*Work required*.
Return every record below exactly as written.

*Material for this task*.
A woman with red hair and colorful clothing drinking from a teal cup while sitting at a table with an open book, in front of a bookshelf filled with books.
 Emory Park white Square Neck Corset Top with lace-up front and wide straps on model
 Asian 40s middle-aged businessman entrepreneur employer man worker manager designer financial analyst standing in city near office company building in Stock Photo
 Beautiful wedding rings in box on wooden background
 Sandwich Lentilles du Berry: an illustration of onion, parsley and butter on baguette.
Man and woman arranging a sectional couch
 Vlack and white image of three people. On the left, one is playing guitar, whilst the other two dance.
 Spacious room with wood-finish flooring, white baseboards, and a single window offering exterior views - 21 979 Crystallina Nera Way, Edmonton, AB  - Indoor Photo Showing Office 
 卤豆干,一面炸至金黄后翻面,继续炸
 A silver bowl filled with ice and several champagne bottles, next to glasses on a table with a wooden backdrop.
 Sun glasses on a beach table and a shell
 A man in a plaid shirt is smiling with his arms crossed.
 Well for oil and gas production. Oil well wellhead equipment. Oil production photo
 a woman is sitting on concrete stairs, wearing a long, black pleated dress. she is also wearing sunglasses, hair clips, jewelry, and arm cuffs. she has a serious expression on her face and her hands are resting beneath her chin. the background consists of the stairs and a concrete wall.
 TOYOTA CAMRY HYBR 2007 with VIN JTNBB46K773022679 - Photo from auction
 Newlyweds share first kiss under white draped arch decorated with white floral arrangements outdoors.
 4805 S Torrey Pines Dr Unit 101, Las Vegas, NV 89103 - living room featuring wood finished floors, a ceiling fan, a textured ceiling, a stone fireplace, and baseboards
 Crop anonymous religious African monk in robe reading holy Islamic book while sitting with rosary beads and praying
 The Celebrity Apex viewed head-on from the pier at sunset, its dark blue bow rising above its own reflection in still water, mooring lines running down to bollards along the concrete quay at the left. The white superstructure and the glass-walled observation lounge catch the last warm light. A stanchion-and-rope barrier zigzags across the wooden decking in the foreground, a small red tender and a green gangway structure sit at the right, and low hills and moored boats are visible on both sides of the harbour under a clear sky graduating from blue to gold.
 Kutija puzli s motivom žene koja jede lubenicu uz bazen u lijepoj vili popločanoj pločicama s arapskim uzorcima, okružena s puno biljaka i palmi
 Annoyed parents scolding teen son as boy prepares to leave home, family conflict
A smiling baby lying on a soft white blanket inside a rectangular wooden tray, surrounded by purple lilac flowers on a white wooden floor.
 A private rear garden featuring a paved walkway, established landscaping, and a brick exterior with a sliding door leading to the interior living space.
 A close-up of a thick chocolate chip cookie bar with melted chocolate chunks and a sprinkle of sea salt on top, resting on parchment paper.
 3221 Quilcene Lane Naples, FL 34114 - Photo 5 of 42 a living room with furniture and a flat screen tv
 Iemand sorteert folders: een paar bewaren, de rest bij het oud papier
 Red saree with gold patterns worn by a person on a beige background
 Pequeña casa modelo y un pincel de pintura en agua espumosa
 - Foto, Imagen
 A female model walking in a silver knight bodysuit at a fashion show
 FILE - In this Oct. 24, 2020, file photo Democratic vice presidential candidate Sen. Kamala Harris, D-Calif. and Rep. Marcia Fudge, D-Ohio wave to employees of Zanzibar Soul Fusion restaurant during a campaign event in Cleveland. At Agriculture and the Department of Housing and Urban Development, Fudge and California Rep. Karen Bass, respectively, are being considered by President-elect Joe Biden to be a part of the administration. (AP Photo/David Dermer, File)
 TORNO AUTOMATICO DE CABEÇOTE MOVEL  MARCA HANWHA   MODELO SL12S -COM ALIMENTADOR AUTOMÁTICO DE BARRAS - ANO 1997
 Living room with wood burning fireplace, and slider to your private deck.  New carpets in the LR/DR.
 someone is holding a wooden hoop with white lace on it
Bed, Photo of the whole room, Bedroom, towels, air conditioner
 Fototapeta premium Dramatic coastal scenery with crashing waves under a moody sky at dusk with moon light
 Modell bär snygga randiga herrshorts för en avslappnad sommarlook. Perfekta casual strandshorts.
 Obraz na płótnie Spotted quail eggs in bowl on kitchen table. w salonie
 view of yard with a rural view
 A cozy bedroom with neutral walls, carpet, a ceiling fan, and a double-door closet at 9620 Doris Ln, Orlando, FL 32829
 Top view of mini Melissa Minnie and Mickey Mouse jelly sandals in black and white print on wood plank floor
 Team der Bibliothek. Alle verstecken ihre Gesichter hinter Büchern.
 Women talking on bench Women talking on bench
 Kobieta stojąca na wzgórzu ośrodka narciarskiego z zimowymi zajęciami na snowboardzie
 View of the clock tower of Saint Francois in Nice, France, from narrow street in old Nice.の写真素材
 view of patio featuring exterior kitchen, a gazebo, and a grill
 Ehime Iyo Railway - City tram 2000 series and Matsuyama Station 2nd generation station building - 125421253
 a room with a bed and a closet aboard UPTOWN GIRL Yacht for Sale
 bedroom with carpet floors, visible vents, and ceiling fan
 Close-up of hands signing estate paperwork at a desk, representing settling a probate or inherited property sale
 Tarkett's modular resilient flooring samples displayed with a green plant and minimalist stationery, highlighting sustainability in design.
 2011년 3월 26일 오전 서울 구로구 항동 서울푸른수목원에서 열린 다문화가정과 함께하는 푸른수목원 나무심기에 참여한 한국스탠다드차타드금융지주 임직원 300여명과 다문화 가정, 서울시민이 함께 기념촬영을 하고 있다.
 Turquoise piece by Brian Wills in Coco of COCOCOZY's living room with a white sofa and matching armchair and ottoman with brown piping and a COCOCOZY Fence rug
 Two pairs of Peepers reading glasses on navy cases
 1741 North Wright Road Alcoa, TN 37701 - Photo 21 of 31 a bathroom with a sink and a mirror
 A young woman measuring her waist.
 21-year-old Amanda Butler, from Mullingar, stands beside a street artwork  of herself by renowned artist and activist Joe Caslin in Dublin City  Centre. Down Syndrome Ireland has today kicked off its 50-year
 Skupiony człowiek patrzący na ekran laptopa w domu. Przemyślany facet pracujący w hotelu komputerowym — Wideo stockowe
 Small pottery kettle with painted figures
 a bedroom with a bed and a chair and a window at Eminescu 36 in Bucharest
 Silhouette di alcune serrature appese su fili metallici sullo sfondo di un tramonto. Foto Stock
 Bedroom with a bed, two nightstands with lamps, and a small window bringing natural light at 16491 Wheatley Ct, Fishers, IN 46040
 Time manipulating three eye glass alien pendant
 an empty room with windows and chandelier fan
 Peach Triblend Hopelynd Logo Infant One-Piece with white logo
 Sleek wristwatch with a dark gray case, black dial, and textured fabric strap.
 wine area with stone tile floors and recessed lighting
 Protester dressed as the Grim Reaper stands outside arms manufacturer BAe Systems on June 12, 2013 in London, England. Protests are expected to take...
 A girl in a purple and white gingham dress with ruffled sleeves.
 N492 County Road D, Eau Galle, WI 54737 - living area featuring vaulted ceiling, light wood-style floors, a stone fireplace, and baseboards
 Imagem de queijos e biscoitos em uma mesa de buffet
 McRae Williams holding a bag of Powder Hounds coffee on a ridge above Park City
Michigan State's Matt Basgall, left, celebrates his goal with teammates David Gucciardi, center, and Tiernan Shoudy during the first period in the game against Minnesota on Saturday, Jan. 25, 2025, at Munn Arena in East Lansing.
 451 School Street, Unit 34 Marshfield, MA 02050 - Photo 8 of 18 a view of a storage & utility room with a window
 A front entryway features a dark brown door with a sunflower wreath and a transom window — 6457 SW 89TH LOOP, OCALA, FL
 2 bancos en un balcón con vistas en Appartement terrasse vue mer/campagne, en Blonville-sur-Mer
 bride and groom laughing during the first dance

*Written response*.
A woman with red hair and colorful clothing drinking from a teal cup while sitting at a table with an open book, in front of a bookshelf filled with books.
 Emory Park white Square Neck Corset Top with lace-up front and wide straps on model
 Asian 40s middle-aged businessman entrepreneur employer man worker manager designer financial analyst standing in city near office company building in Stock Photo
 Beautiful wedding rings in box on wooden background
 Sandwich Lentilles du Berry: an illustration of onion, parsley and butter on baguette.
Man and woman arranging a sectional couch
 Vlack and white image of three people. On the left, one is playing guitar, whilst the other two dance.
 Spacious room with wood-finish flooring, white baseboards, and a single window offering exterior views - 21 979 Crystallina Nera Way, Edmonton, AB  - Indoor Photo Showing Office 
 卤豆干,一面炸至金黄后翻面,继续炸
 A silver bowl filled with ice and several champagne bottles, next to glasses on a table with a wooden backdrop.
 Sun glasses on a beach table and a shell
 A man in a plaid shirt is smiling with his arms crossed.
 Well for oil and gas production. Oil well wellhead equipment. Oil production photo
 a woman is sitting on concrete stairs, wearing a long, black pleated dress. she is also wearing sunglasses, hair clips, jewelry, and arm cuffs. she has a serious expression on her face and her hands are resting beneath her chin. the background consists of the stairs and a concrete wall.
 TOYOTA CAMRY HYBR 2007 with VIN JTNBB46K773022679 - Photo from auction
 Newlyweds share first kiss under white draped arch decorated with white floral arrangements outdoors.
 4805 S Torrey Pines Dr Unit 101, Las Vegas, NV 89103 - living room featuring wood finished floors, a ceiling fan, a textured ceiling, a stone fireplace, and baseboards
 Crop anonymous religious African monk in robe reading holy Islamic book while sitting with rosary beads and praying
 The Celebrity Apex viewed head-on from the pier at sunset, its dark blue bow rising above its own reflection in still water, mooring lines running down to bollards along the concrete quay at the left. The white superstructure and the glass-walled observation lounge catch the last warm light. A stanchion-and-rope barrier zigzags across the wooden decking in the foreground, a small red tender and a green gangway structure sit at the right, and low hills and moored boats are visible on both sides of the harbour under a clear sky graduating from blue to gold.
 Kutija puzli s motivom žene koja jede lubenicu uz bazen u lijepoj vili popločanoj pločicama s arapskim uzorcima, okružena s puno biljaka i palmi
 Annoyed parents scolding teen son as boy prepares to leave home, family conflict
A smiling baby lying on a soft white blanket inside a rectangular wooden tray, surrounded by purple lilac flowers on a white wooden floor.
 A private rear garden featuring a paved walkway, established landscaping, and a brick exterior with a sliding door leading to the interior living space.
 A close-up of a thick chocolate chip cookie bar with melted chocolate chunks and a sprinkle of sea salt on top, resting on parchment paper.
 3221 Quilcene Lane Naples, FL 34114 - Photo 5 of 42 a living room with furniture and a flat screen tv
 Iemand sorteert folders: een paar bewaren, de rest bij het oud papier
 Red saree with gold patterns worn by a person on a beige background
 Pequeña casa modelo y un pincel de pintura en agua espumosa
 - Foto, Imagen
 A female model walking in a silver knight bodysuit at a fashion show
 FILE - In this Oct. 24, 2020, file photo Democratic vice presidential candidate Sen. Kamala Harris, D-Calif. and Rep. Marcia Fudge, D-Ohio wave to employees of Zanzibar Soul Fusion restaurant during a campaign event in Cleveland. At Agriculture and the Department of Housing and Urban Development, Fudge and California Rep. Karen Bass, respectively, are being considered by President-elect Joe Biden to be a part of the administration. (AP Photo/David Dermer, File)
 TORNO AUTOMATICO DE CABEÇOTE MOVEL  MARCA HANWHA   MODELO SL12S -COM ALIMENTADOR AUTOMÁTICO DE BARRAS - ANO 1997
 Living room with wood burning fireplace, and slider to your private deck.  New carpets in the LR/DR.
 someone is holding a wooden hoop with white lace on it
Bed, Photo of the whole room, Bedroom, towels, air conditioner
 Fototapeta premium Dramatic coastal scenery with crashing waves under a moody sky at dusk with moon light
 Modell bär snygga randiga herrshorts för en avslappnad sommarlook. Perfekta casual strandshorts.
 Obraz na płótnie Spotted quail eggs in bowl on kitchen table. w salonie
 view of yard with a rural view
 A cozy bedroom with neutral walls, carpet, a ceiling fan, and a double-door closet at 9620 Doris Ln, Orlando, FL 32829
 Top view of mini Melissa Minnie and Mickey Mouse jelly sandals in black and white print on wood plank floor
 Team der Bibliothek. Alle verstecken ihre Gesichter hinter Büchern.
 Women talking on bench Women talking on bench
 Kobieta stojąca na wzgórzu ośrodka narciarskiego z zimowymi zajęciami na snowboardzie
 View of the clock tower of Saint Francois in Nice, France, from narrow street in old Nice.の写真素材
 view of patio featuring exterior kitchen, a gazebo, and a grill
 Ehime Iyo Railway - City tram 2000 series and Matsuyama Station 2nd generation station building - 125421253
 a room with a bed and a closet aboard UPTOWN GIRL Yacht for Sale
 bedroom with carpet floors, visible vents, and ceiling fan
 Close-up of hands signing estate paperwork at a desk, representing settling a probate or inherited property sale
 Tarkett's modular resilient flooring samples displayed with a green plant and minimalist stationery, highlighting sustainability in design.
 2011년 3월 26일 오전 서울 구로구 항동 서울푸른수목원에서 열린 다문화가정과 함께하는 푸른수목원 나무심기에 참여한 한국스탠다드차타드금융지주 임직원 300여명과 다문화 가정, 서울시민이 함께 기념촬영을 하고 있다.
 Turquoise piece by Brian Wills in Coco of COCOCOZY's living room with a white sofa and matching armchair and ottoman with brown piping and a COCOCOZY Fence rug
 Two pairs of Peepers reading glasses on navy cases
 1741 North Wright Road Alcoa, TN 37701 - Photo 21 of 31 a bathroom with a sink and a mirror
 A young woman measuring her waist.
 21-year-old Amanda Butler, from Mullingar, stands beside a street artwork  of herself by renowned artist and activist Joe Caslin in Dublin City  Centre. Down Syndrome Ireland has today kicked off its 50-year
 Skupiony człowiek patrzący na ekran laptopa w domu. Przemyślany facet pracujący w hotelu komputerowym — Wideo stockowe
 Small pottery kettle with painted figures
 a bedroom with a bed and a chair and a window at Eminescu 36 in Bucharest
 Silhouette di alcune serrature appese su fili metallici sullo sfondo di un tramonto. Foto Stock
 Bedroom with a bed, two nightstands with lamps, and a small window bringing natural light at 16491 Wheatley Ct, Fishers, IN 46040
 Time manipulating three eye glass alien pendant
 an empty room with windows and chandelier fan
 Peach Triblend Hopelynd Logo Infant One-Piece with white logo
 Sleek wristwatch with a dark gray case, black dial, and textured fabric strap.
 wine area with stone tile floors and recessed lighting
 Protester dressed as the Grim Reaper stands outside arms manufacturer BAe Systems on June 12, 2013 in London, England. Protests are expected to take...
 A girl in a purple and white gingham dress with ruffled sleeves.
 N492 County Road D, Eau Galle, WI 54737 - living area featuring vaulted ceiling, light wood-style floors, a stone fireplace, and baseboards
 Imagem de queijos e biscoitos em uma mesa de buffet
 McRae Williams holding a bag of Powder Hounds coffee on a ridge above Park City
Michigan State's Matt Basgall, left, celebrates his goal with teammates David Gucciardi, center, and Tiernan Shoudy during the first period in the game against Minnesota on Saturday, Jan. 25, 2025, at Munn Arena in East Lansing.
 451 School Street, Unit 34 Marshfield, MA 02050 - Photo 8 of 18 a view of a storage & utility room with a window
 A front entryway features a dark brown door with a sunflower wreath and a transom window — 6457 SW 89TH LOOP, OCALA, FL
 2 bancos en un balcón con vistas en Appartement terrasse vue mer/campagne, en Blonville-sur-Mer
 bride and groom laughing during the first dance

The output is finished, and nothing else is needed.